Boris Johnson overruled Government scientists who pressed for national lockdown measures such as stopping all household mixing and closing all pubs, it can be revealed.

Papers from the Scientific Advisory Group for Emergencies (Sage) show that the body called for an immediate introduction of national interventions, saying the failure to take such measures could result in "a very large epidemic with catastrophic consequences".

Liverpool became the only region placed into the toughest tier of a new three-tier lockdown system on Monday, with intense negotiations still going on in other areas on Monday night.

Mr Johnson stepped back from imposing harsh new lockdown measures on parts of the North after local leaders refused to accept them. Elected Mayors and council leaders believe they will be complicit in making businesses bankrupt if they agree to close pubs, gyms and leisure centres.

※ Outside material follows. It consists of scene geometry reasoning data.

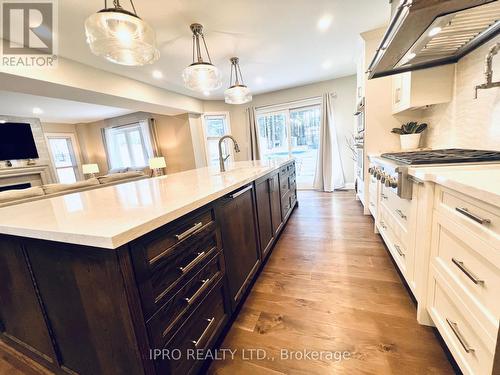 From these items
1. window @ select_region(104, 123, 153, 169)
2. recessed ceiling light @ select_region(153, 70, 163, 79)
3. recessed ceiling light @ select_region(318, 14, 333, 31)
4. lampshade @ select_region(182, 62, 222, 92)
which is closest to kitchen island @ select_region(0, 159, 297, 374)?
lampshade @ select_region(182, 62, 222, 92)

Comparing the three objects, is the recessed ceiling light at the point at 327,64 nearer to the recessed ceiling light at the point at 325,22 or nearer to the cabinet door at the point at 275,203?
the recessed ceiling light at the point at 325,22

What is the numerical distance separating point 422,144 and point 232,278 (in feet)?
8.31

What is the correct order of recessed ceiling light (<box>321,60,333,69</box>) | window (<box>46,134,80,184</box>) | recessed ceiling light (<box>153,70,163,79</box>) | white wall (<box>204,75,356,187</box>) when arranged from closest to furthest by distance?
recessed ceiling light (<box>153,70,163,79</box>) < recessed ceiling light (<box>321,60,333,69</box>) < white wall (<box>204,75,356,187</box>) < window (<box>46,134,80,184</box>)

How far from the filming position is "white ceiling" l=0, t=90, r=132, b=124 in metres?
3.75

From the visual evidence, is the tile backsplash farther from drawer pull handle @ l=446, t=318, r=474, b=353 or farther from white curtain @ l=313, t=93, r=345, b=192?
white curtain @ l=313, t=93, r=345, b=192

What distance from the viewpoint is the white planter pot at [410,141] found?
7.45 feet

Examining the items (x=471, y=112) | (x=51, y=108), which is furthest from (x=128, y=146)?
(x=471, y=112)

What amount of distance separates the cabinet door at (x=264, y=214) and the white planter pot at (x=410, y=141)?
163 centimetres

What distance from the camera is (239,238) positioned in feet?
4.59

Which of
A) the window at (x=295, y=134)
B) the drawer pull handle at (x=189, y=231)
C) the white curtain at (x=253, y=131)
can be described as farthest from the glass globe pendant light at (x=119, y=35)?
the window at (x=295, y=134)

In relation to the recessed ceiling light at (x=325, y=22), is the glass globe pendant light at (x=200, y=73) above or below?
below

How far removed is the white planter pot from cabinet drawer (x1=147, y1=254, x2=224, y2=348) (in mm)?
2398

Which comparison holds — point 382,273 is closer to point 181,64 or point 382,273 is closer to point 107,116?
point 181,64

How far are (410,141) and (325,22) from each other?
1646 millimetres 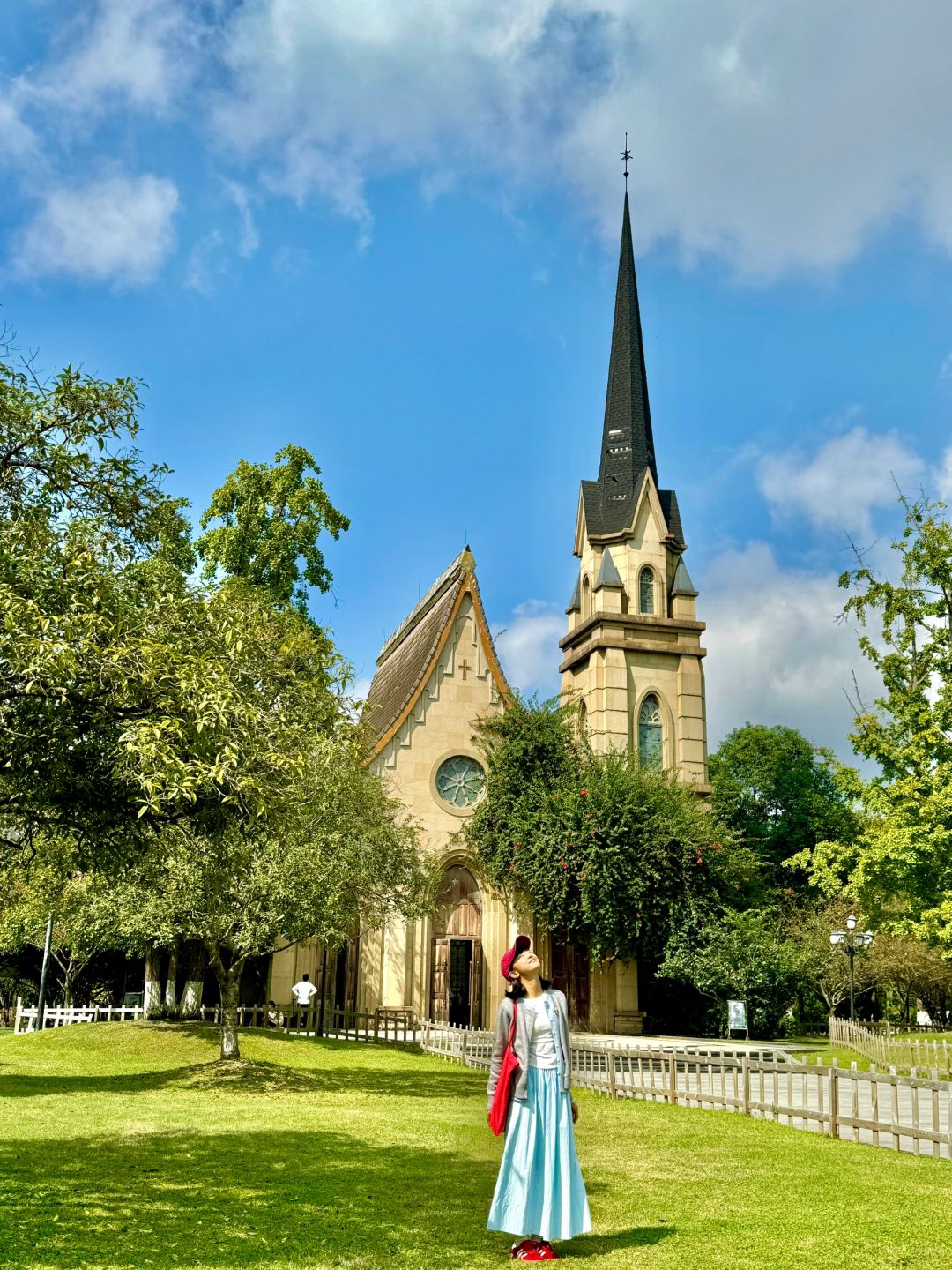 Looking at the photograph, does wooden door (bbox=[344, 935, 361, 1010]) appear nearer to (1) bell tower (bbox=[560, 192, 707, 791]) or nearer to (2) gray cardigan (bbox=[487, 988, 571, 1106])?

On Monday night, newly released Sage papers revealed that the Government's scientific advisers had called for national measures. In the documents, dated September 20 and 21, the scientists called for the immediate consideration of five national measures, saying none of them would be sufficient on their own.

"The shortlist of non-pharmaceutical interventions that should be considered for immediate introduction includes a circuit-breaker (short period of lockdown) to return incidence to low levels; advice to work from home for all those that can; banning all contact within the home with members of other households, except members of a support bubble; closure of all bars, restaurants cafes, indoor gyms and personal services (eg hairdressers); all university and college teaching to be online unless face-to-face teaching is absolutely essential," the papers said.

A related paper warned: "As over 90 per cent of the population remains susceptible, not acting now to reduce cases will result in a very large epidemic with catastrophic consequences in terms of direct Covid-related deaths and the ability of the health service to meet needs.

"A package of interventions will need to be adopted to prevent this exponential rise in cases. Single interventions are unlikely to be able to reduce incidence."

At the Downing Street briefing, Professor Chris Whitty, the chief medical officer and a member of Sage, said he was not confident that the "baseline" measures announced for tier three areas – those with the highest Covid infection rates – would be sufficient to reverse the rise of the virus.

It left Mr Johnson having to warn local leaders that if they do not agree to lockdown measures, they will be imposed by the Government "to protect public health". The Prime Minister also faces a battle to win over his own MPs, with dozens threatening to withhold support when the three tiers are put to separate votes in Parliament on Tuesday.

He hinted at better news to come for vulnerable people who have been forced to shield as he suggested the Government would change its approach because of the "mental distress and loneliness" it causes.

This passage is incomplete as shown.